The problem
With the pictures left out, retype exactly the lines below starting at the line that contains "Swords and Sandals" and ending at the line that contains "Red Dots | High".

Data provided

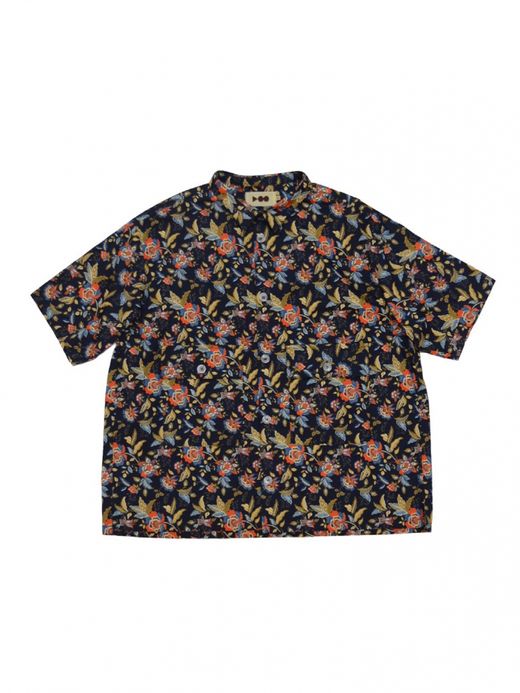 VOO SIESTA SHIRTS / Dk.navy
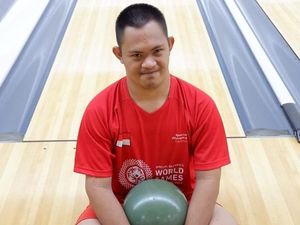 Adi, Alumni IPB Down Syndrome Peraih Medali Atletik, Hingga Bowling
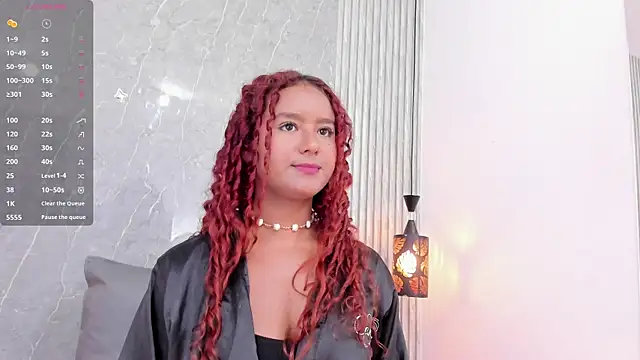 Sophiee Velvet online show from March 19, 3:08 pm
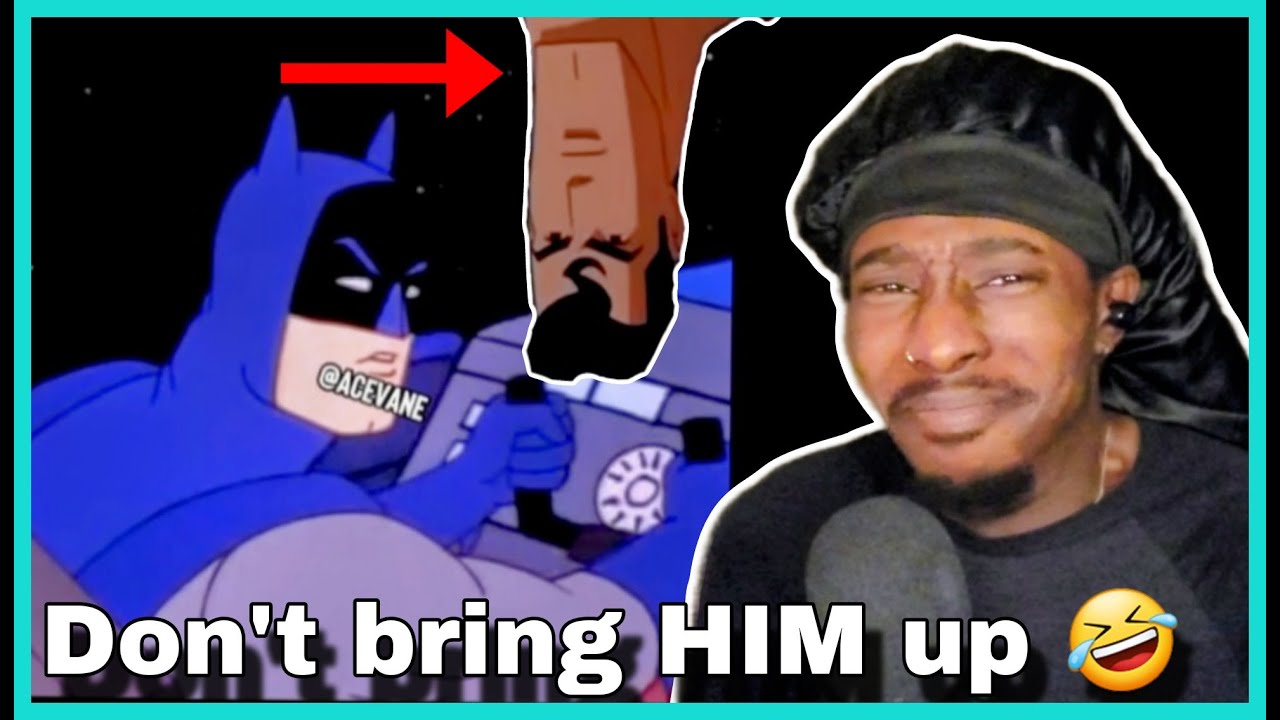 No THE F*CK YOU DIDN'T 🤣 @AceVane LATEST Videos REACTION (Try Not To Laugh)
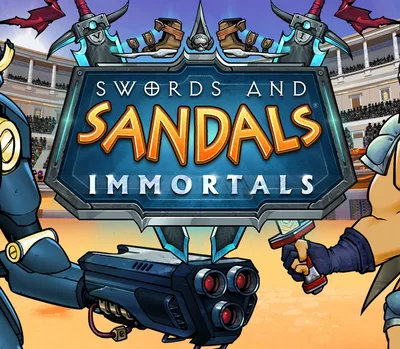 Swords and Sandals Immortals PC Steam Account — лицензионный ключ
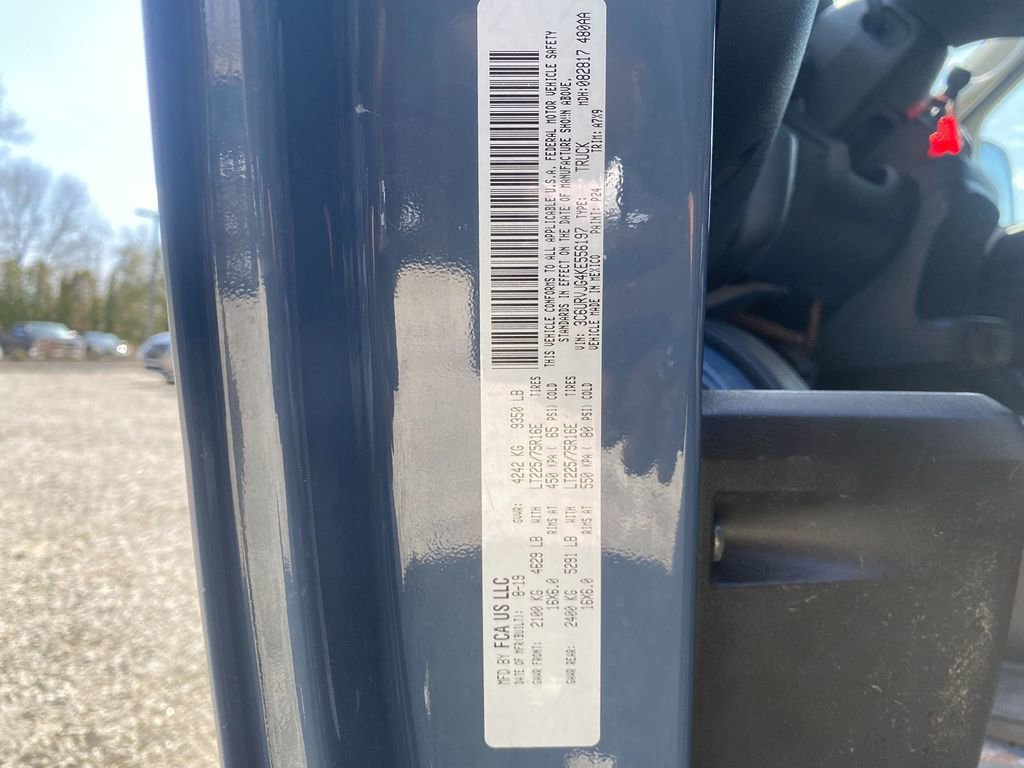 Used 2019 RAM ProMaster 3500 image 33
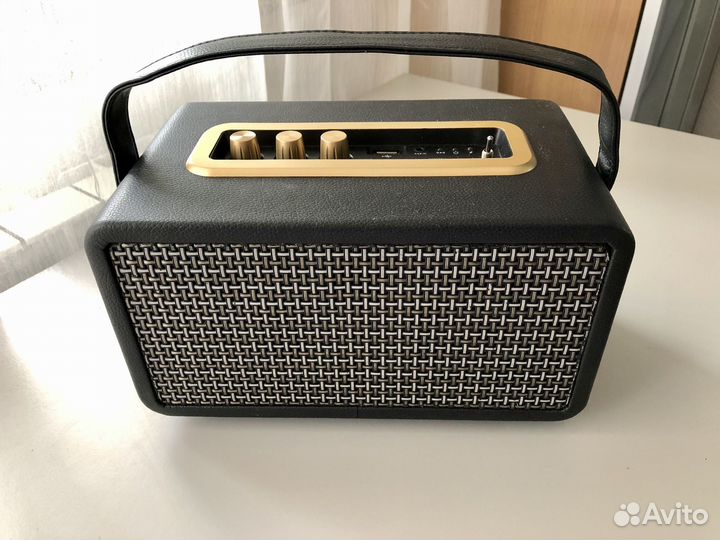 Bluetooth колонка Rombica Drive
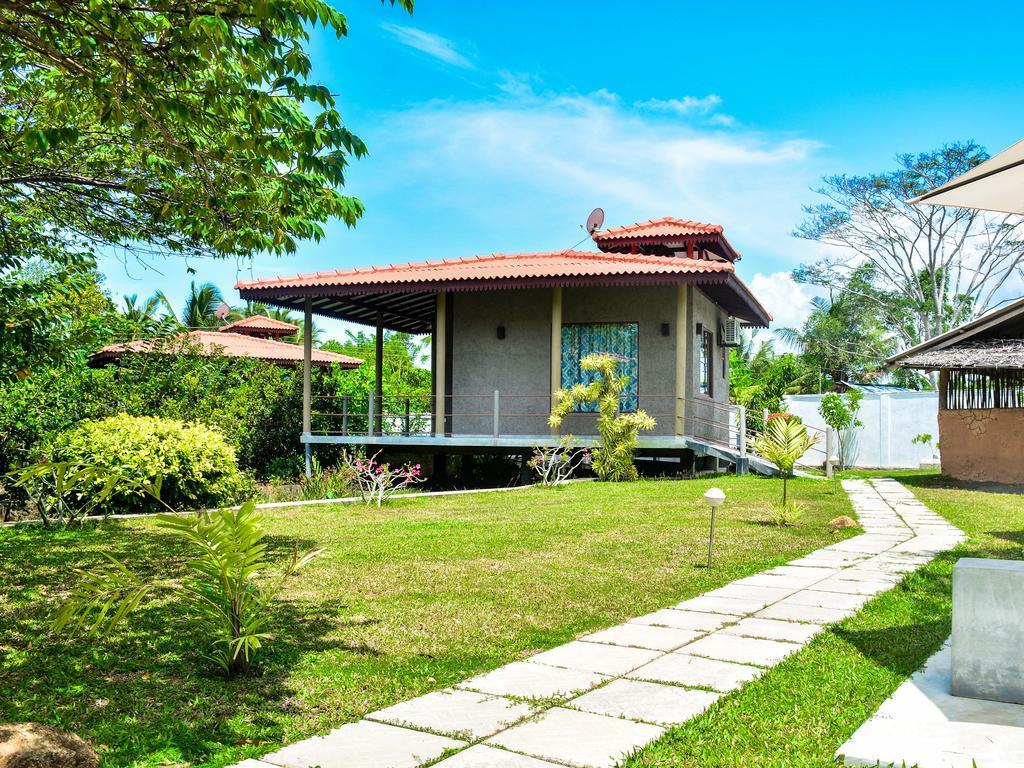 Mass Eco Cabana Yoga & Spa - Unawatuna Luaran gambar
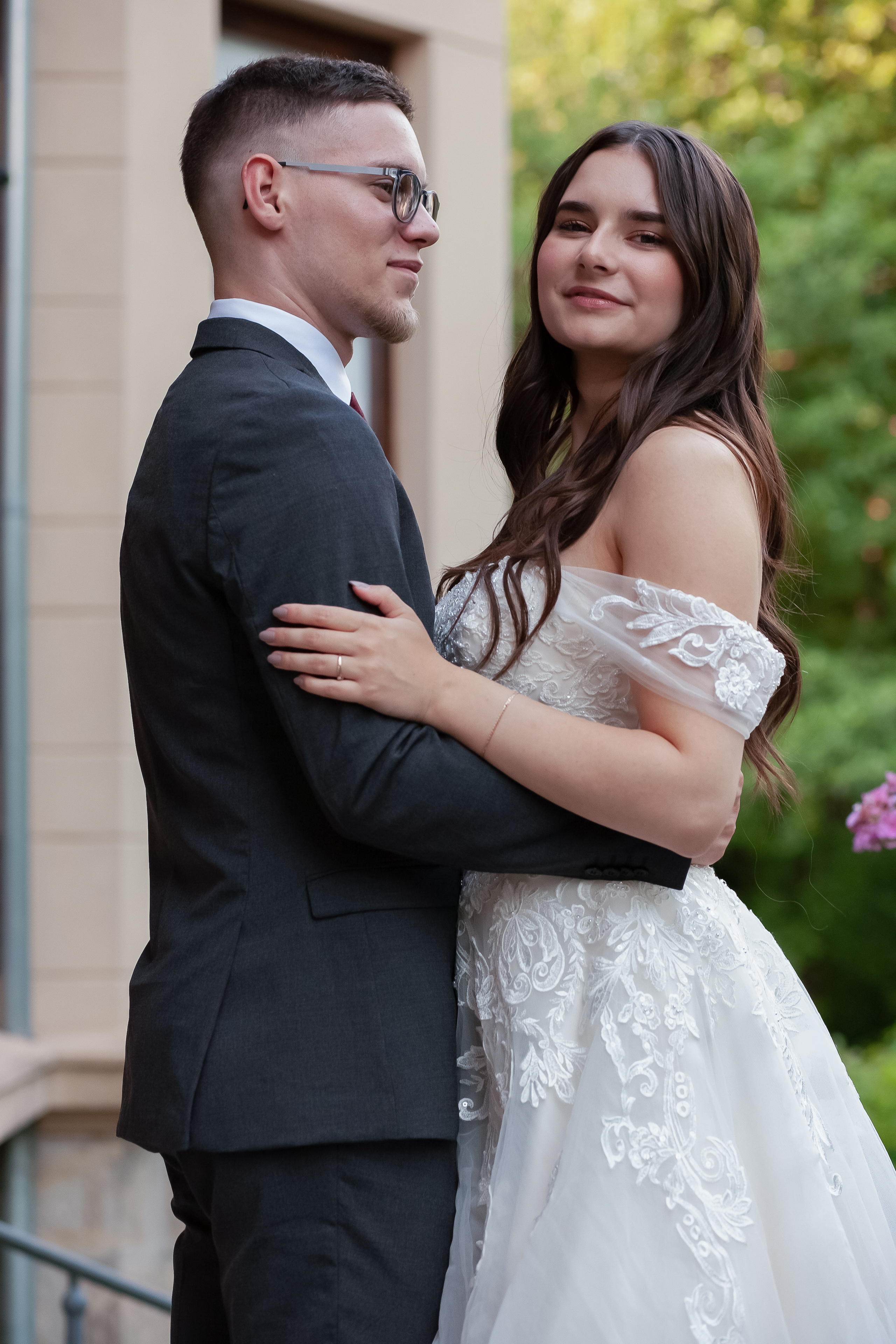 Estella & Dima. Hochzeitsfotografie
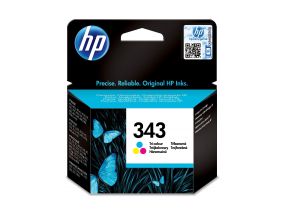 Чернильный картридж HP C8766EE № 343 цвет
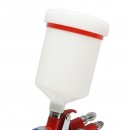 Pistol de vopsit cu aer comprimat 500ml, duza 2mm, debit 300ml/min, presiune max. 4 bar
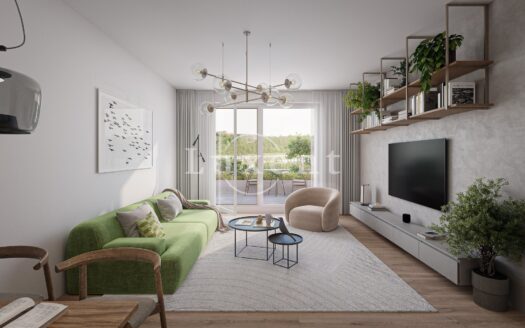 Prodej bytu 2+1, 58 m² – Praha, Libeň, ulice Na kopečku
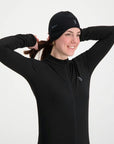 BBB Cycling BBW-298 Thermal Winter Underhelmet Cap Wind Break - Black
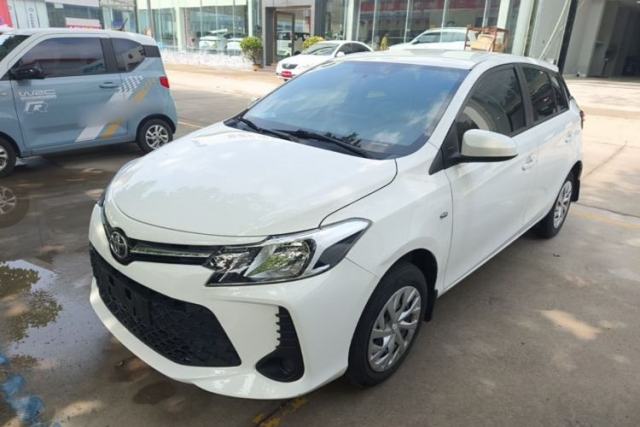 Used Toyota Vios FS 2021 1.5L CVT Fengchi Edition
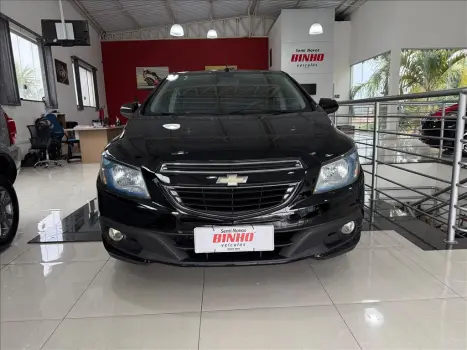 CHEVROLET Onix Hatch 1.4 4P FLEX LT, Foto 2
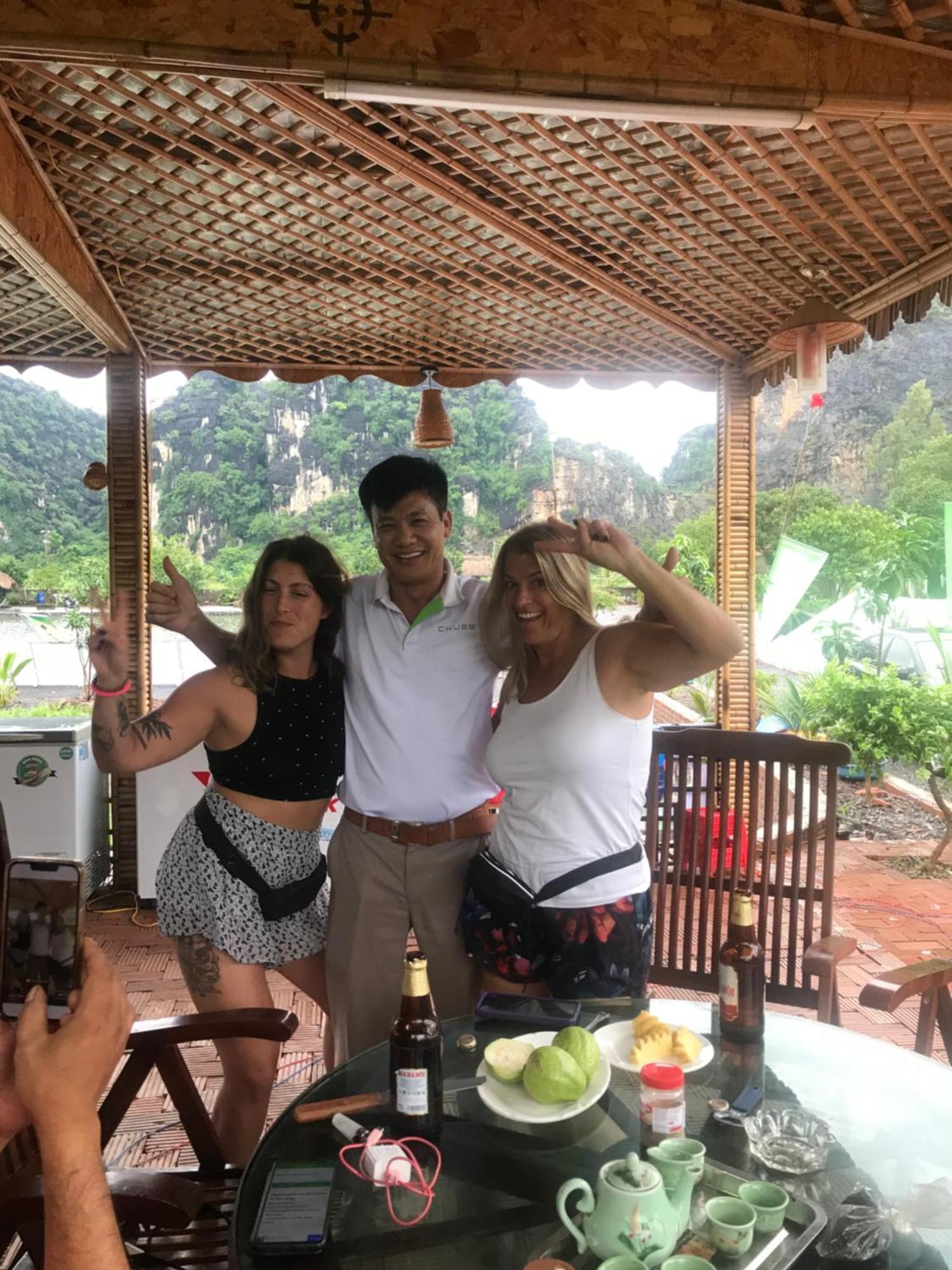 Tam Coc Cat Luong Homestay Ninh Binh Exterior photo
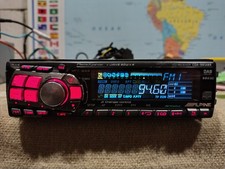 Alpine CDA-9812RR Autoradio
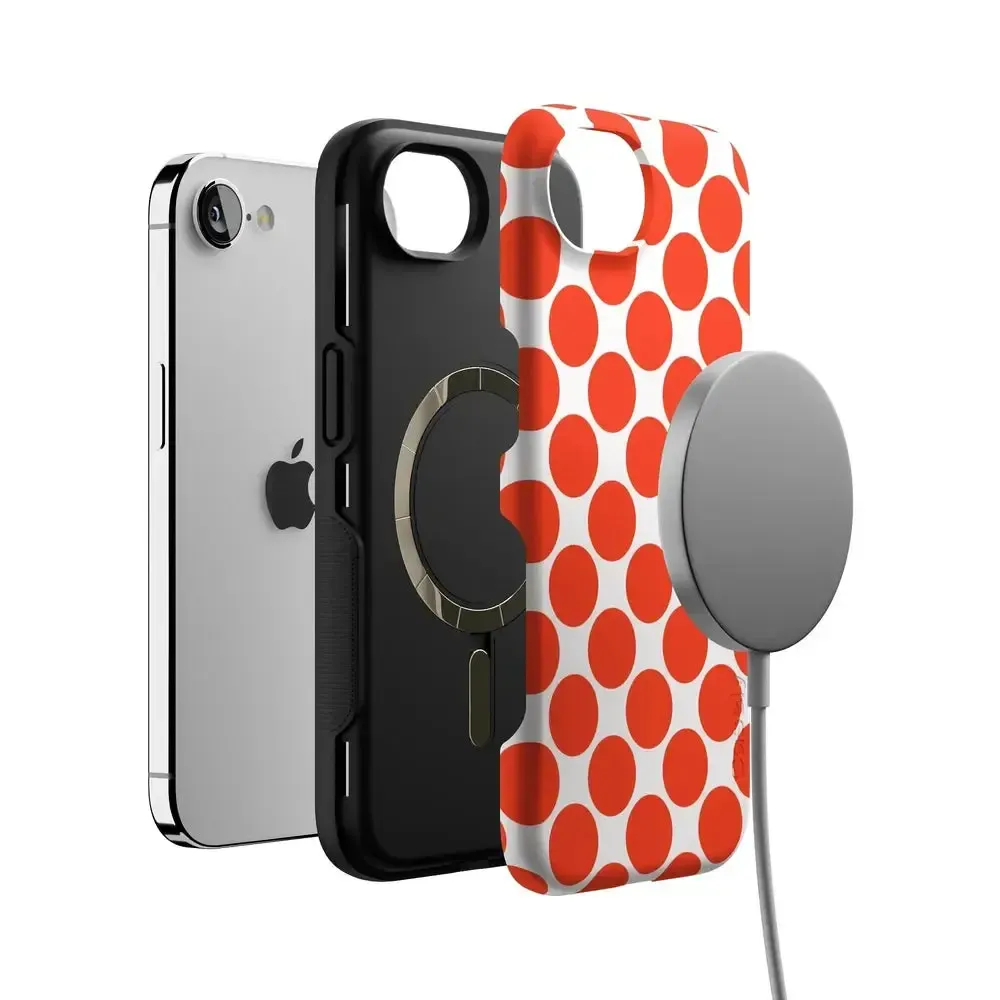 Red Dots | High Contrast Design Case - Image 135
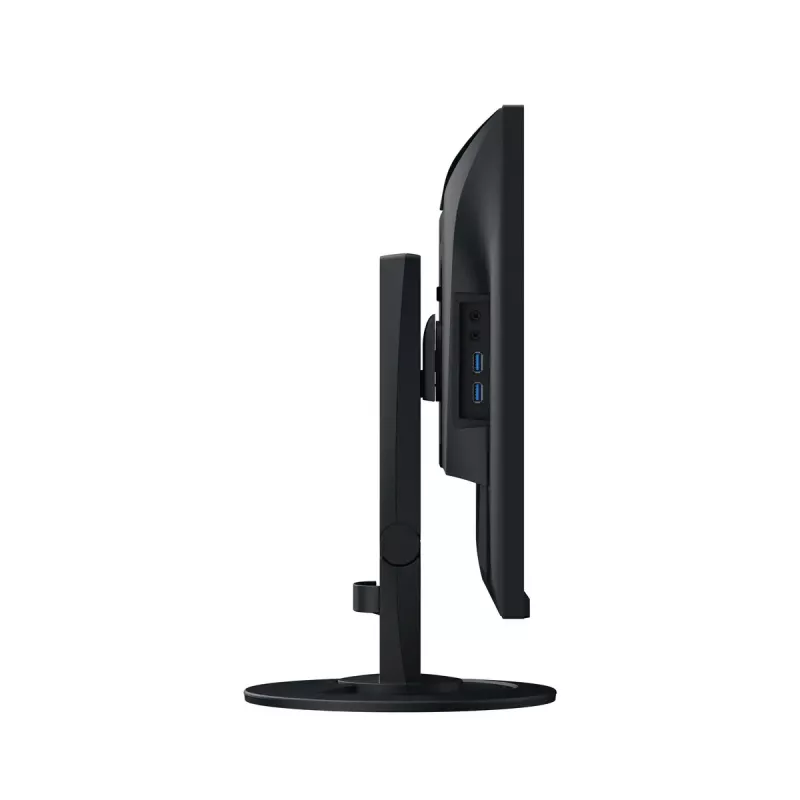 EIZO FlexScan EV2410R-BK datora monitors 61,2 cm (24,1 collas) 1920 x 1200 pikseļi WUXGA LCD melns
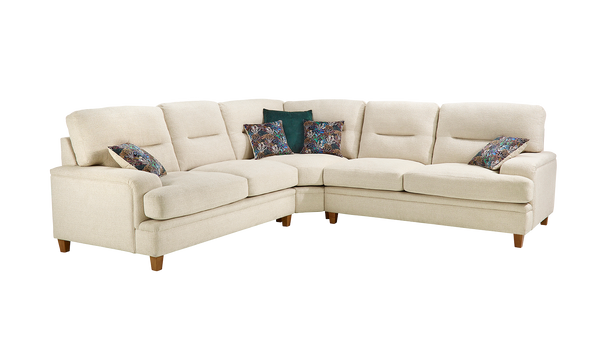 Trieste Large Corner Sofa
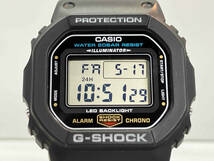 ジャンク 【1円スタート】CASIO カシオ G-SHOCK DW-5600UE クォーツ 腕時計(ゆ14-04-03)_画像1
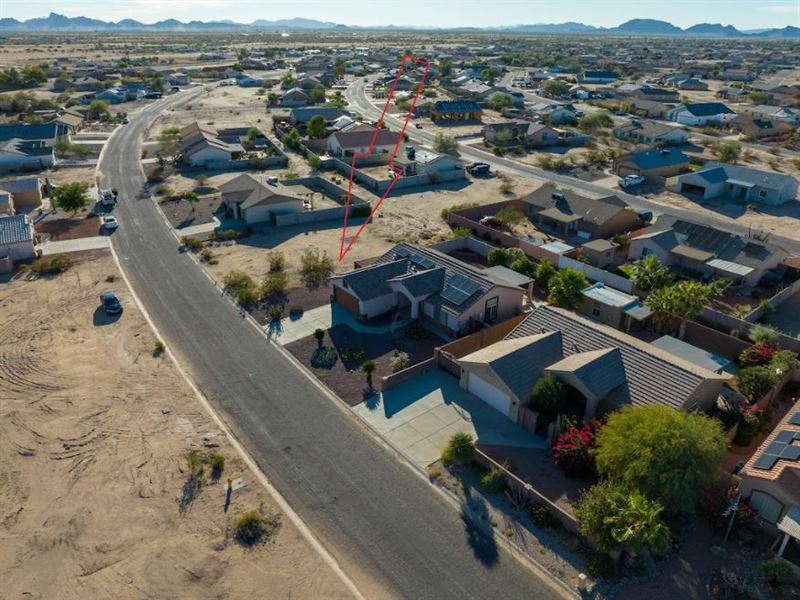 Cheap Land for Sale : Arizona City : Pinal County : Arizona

Written solution
 Swords and Sandals Immortals PC Steam Account — лицензионный ключ
 Used 2019 RAM ProMaster 3500 image 33
 Bluetooth колонка Rombica Drive
 Mass Eco Cabana Yoga & Spa - Unawatuna Luaran gambar
 Estella & Dima. Hochzeitsfotografie
 Чернильный картридж HP C8766EE № 343 цвет
 Pistol de vopsit cu aer comprimat 500ml, duza 2mm, debit 300ml/min, presiune max. 4 bar
 Prodej bytu 2+1, 58 m² – Praha, Libeň, ulice Na kopečku
 BBB Cycling BBW-298 Thermal Winter Underhelmet Cap Wind Break - Black
 Used Toyota Vios FS 2021 1.5L CVT Fengchi Edition
 CHEVROLET Onix Hatch 1.4 4P FLEX LT, Foto 2
 Tam Coc Cat Luong Homestay Ninh Binh Exterior photo
 Alpine CDA-9812RR Autoradio
 Red Dots | High Contrast Design Case - Image 135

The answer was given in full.